Pour l'instant, l'expédition s'annonce bien. Pampelune
se soumet sans délai aux troupes de Charlemagne. De son côté, l'armée de l'Est
s'empare de Gérone, de Barcelone et de Huesca. Reste le point clé, Saragosse,
qui ouvre à celui qui le tient le cours de l'Ebre et les routes des Pyrénées.
C'est là que les deux armées franques font leur jonction, au pied des remparts.
Mais rien ne se déroule comme attendu. Soliman ben Alarabi a été remplacé. Le
nouveau gouverneur refuse de trahir l'émir de Cordoue et donc de livrer la ville.

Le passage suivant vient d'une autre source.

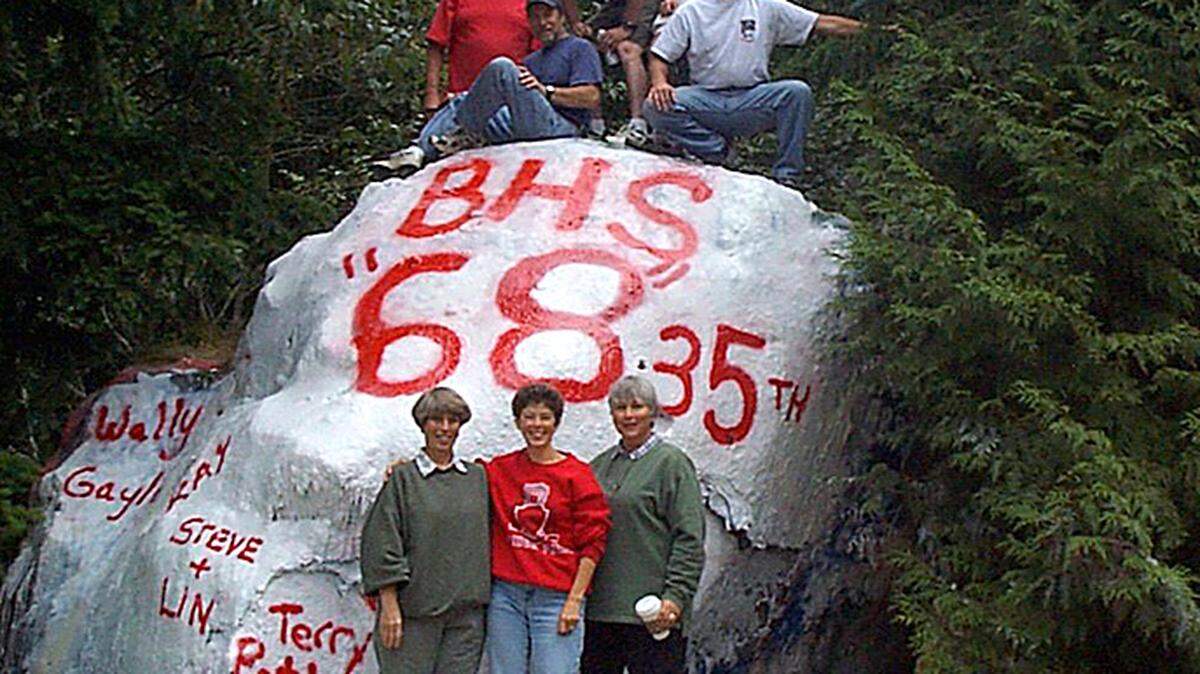 WSDOT puts off deadline as options for moving iconic Bellingham boulder develop
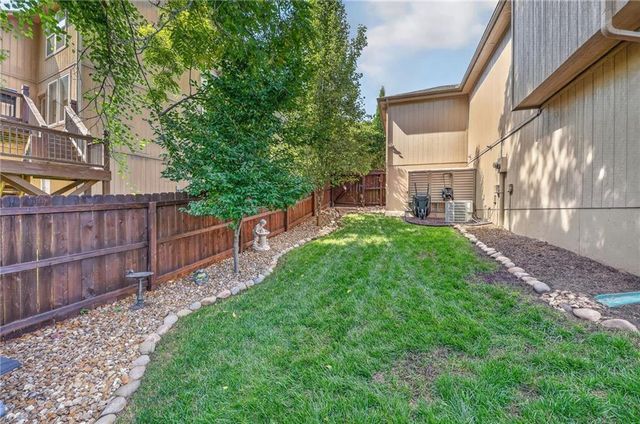 10115 N Miller Lane, Kansas City, KS 66109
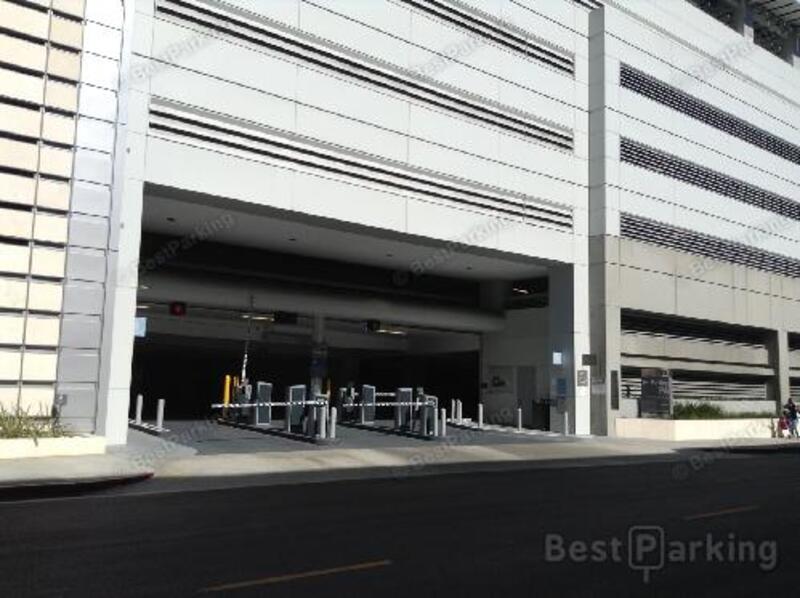 Street view of Lot P4 Pavilion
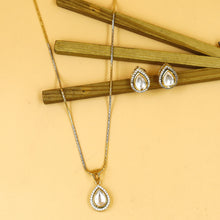 Light Kundan Pendant Set 18523-28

Les tentatives de négociations échouent. Même si les chroniqueurs décrivent
l'armée franque équipée "dans le plus
grand appareil possible", rien n'a été prévu pour
s'emparer par la force d'une ville rétive. Charlemagne met cependant le siège
devant Saragosse deux mois durant, jusqu'à ce qu'il apprenne que l'émir Abd
er Rahman approche à la tête d'une troupe imposante. Une autre mauvaise nouvelle
lui parvient : la Saxe s'est révoltée. Le roi des Francs décide alors de se
replier sur Pampelune.
Vient l'heure de la retraite. Prudence
ou mauvaise humeur, Charlemagne, avant de repartir, fait abattre les murailles
de Pampelune, "pour qu'elle ne puisse
se rebeller". Le 15 août 778, son arrière garde est
attaquée par les Basques alors qu'elle franchit le col de Roncevaux. La Chanson
de Roland a immortalisé ce désastre, qui porte un coup sévère au prestige
du roi des Francs. Celui ci, qui n'a pu porter secours à ses vassaux, n'est
pas non plus en mesure de faire enterrer ses morts, ni de punir les coupables,
qui se sont évanouis dans la montagne après l'embuscade.
Les chroniqueurs
n'en vantent pas moins les exploits du roi dans la Péninsule ibérique.
"Il reçut la soumission de toutes les places et de tous les châteaux qu'il
rencontra sur sa route et rentra sans que son armée eût subi aucune perte",
écrit son biographe Eginhard. "La
très forte cité de Pampelune prise et détruite, les Espagnols, les Gascons et
Navarrais soumis, il rentra victorieux dans la patrie",
précisent les Annales de Metz. Mais les Annales royales affirment
pour leur part que "la blessure ressentie
obnubila dans le coeur du roi la plus grande part des actions heureusement menées
en Espagne". Même sans Roncevaux, on pourrait difficilement
parler de victoire. Les ennemis du roi des Francs ne s'y trompent pas : dans
les mois qui suivent, les Saxons et les Lombards s'efforcent de mettre fin à
sa domination. Les Basques ne se sont pas soumis. Les Sarrasins ont repris Barcelone
et Huesca. Cette campagne ratée n'oblitère cependant pas les objectifs de Charlemagne
en Espagne. Et il saura en tirer les leçons.